Alla lezione di Juurikkala ha fatto da contrappeso, nello stesso evento, Carlo Lottieri, filosofo del diritto e membro dell’Istituto Bruno Leoni, un “think tank” anch’esso marcatamente liberista. Lottieri continua a vedere in Francesco non un amico ma un avversario delle libertà economiche, non da ultimo per l’esperienza “peronista” da lui assimilata in Argentina, «mai veramente conclusa e complessivamente disastrosa». Ma c’è dell’altro. Da un paio di mesi si è costituito a Roma un “Cenacolo degli amici di papa Francesco” che vanta tra i suoi soci più assidui i cardinali Walter Kasper e Francesco Coccopalmerio, il direttore de “La Civiltà Cattolica” Antonio Spadaro e il segretario del pontificio consiglio della giustizia e della pace Mario Toso. L’ultimo loro incontro, lo scorso 10 dicembre, l’hanno dedicato a quello che ritengono il vero manifesto rivelatore della visione economica e politica del papa: non la “Evangelii gaudium” ma il discorso da lui tenuto il 28 ottobre in Vaticano ai «movimenti popolari», discorso da essi definito «storico» e «rivoluzionario».
Ad ascoltare e ad applaudire papa Francesco, quel giorno, c’era un campionario dell’ultrasinistra mondiale, dagli zapatisti del Chiapas al centro sociale Leoncavallo di Milano.

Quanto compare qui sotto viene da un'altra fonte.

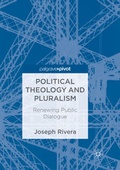 Cover: Political Theology and Pluralism - Palgrave Pivot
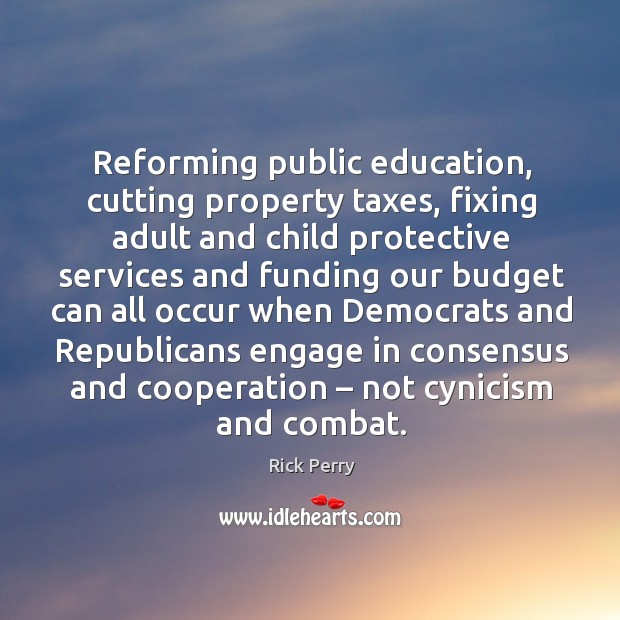 Reforming public education, cutting property taxes, fixing adult and child protective services Rick Perry Picture Quote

Particolarmente numerosi i sudamericani, tra i quali il presidente boliviano Evo Morales in qualità di leader “cocalero”. E che cosa ha detto il papa? Che il rinnovamento del mondo appartiene a loro, alle «periferie» che «odorano di popolo e di lotta», alla moltitudine degli esclusi e dei ribelli, grazie a un processo di loro ascesa al potere che «trascende i procedimenti logici della democrazia formale».
È stupefacente la similitudine tra questo discorso di papa Francesco e le teorie sostenute dal filosofo della politica Toni Negri e dal suo discepolo Michael Hardt in un libro del 2002 che ha fatto epoca ed è stato tradotto in più lingue: “Impero”. Sia Francesco che Negri individuano la sovranità mondiale vera in un dominio transnazionale del denaro, che alimenta le guerre per sanare i propri bilanci, contro il quale solo la moltitudine dei «movimenti popolari» può portare a una «riappropriazione della democrazia» non formale ma sostanziale.
Anche a Strasburgo, nel discorso al parlamento europeo, papa Francesco non ha mancato di ergersi contro «i sistemi uniformanti di potere finanziario al servizio di imperi sconosciuti». Poi però, pochi giorni dopo, ha ricevuto in Vaticano con tutti gli onori Christine Lagarde, la numero uno di quel Fondo Monetario Internazionale che è l’emblema del deprecato «impero». Il mistero è lontano dall’essere sciolto.